I want to run the following code, but Oracle doesn't like the distinct in the second column build. Essentially, I want to develop a running (cumulative) patient count for every incremental row. While pt_id is unique, com_pt_id is not; therefore there will be instances where the edw_pts_cum_2 starts to be less than the pts_cum count.
Here is sample of what I'm trying to accomplish. Do have any thoughts on how to develop column edw_pts_cum_2?
Cum Distance pts_cum edw_pts_cum_2 Pt_id com_pt_id
10 1 1 101 1
20 2 2 201 2
30 3 3 301 3
40 4 3 102 1
create table lab_data_res_sub_xy_com_sub
nologging
nocache
pctfree 0
as
select a.*,
count(*) over (order by distance asc
rows between unbounded preceding and current row)
as pts_cum,
count(distinct com_pt_id) over (order by distance
rows between unbounded preceding and current row)
as edw_pts_cum_2
from lab_data_res_sub_xy_com_dda a
order by distance asc, test_epatient_id;
well, the problem is..... fairly hard....

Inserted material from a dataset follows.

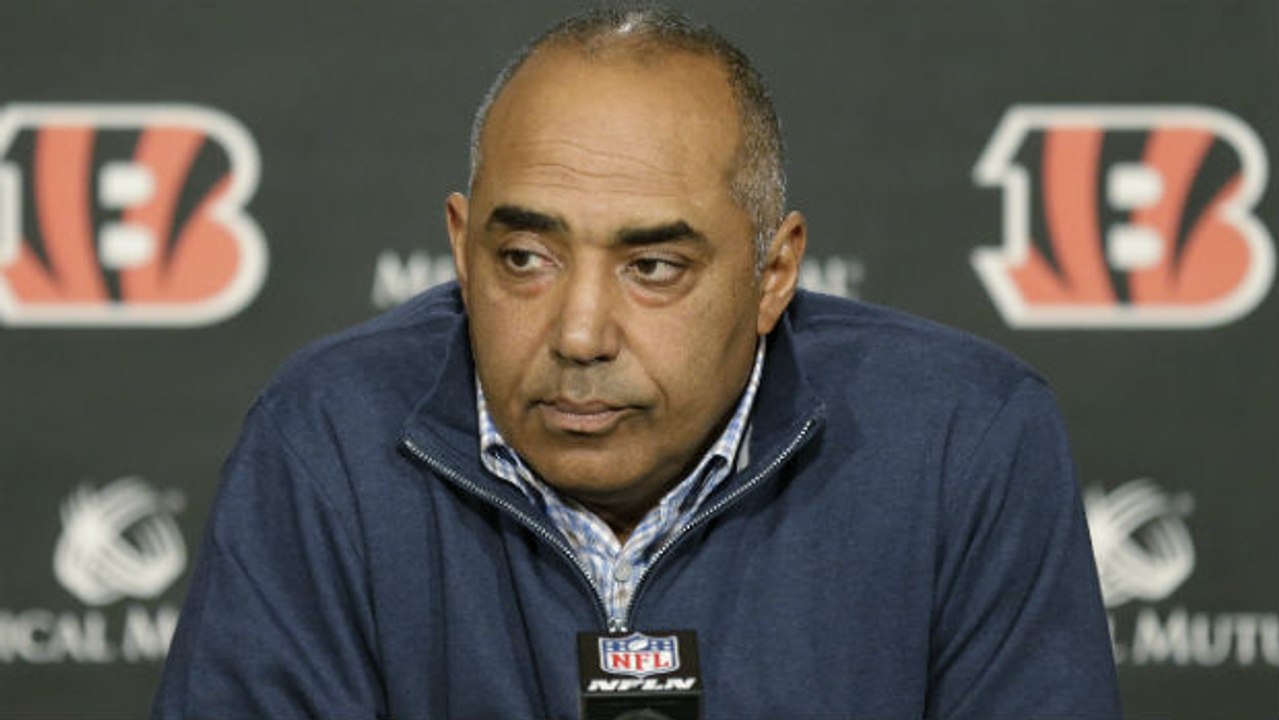 Ross Tucker: Cincinnati Bengals is the most disappointing team during free agency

think about this, you order by distance and say the com_pt_id data looks like this
1
2
1
2
3
1
2
4
You have to remember what values you've already hit - for example, we keep hitting 1 over and over - we need to remember "1" has already been hit. Even if there are 1,000,000 intervening values - we need to remember "1 has been hit" so as to not count it again
Here are two approaches - one is a scalar subquery (rt_2b). I do not think (well, I know) it won't scale very well if the result set is huge. The other is an analytic on an analytic. We "mark" the first com_pt_id by distance and only count the first one.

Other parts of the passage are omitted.